<<<<
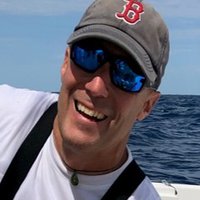 A portrait of a man smiling.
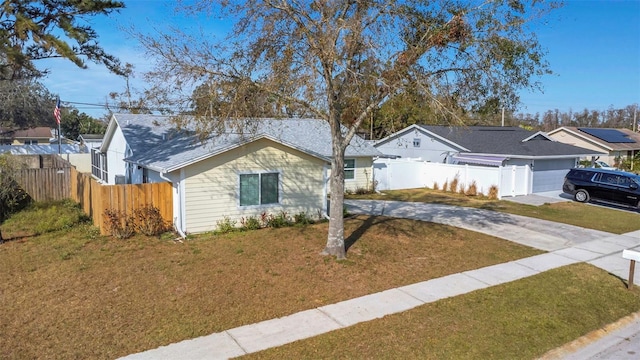 view of front of property with a front lawn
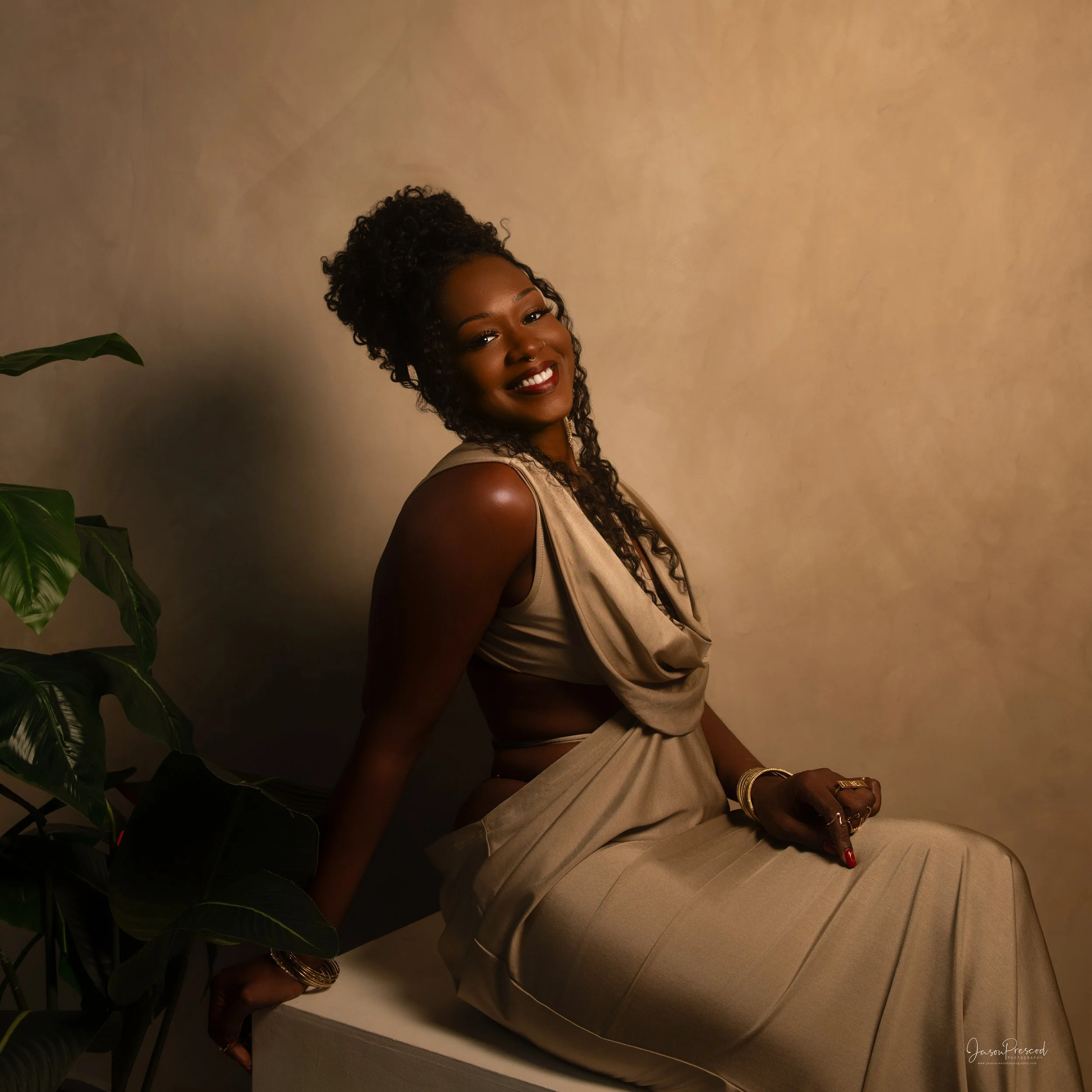 A woman with curly black hair tied up, smiling, wearing gold jewelry and a beige outfit, posing against a plain beige wall with a green plant partially visible on the left side of the image.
>>>>
» **What this task involves**
Exact copy, pictures omitted: every line from the one holding "view of front of property with a front lawn" through the last line of the data above, and nothing else.

» **Answer to this task**
 view of front of property with a front lawn
 A woman with curly black hair tied up, smiling, wearing gold jewelry and a beige outfit, posing against a plain beige wall with a green plant partially visible on the left side of the image.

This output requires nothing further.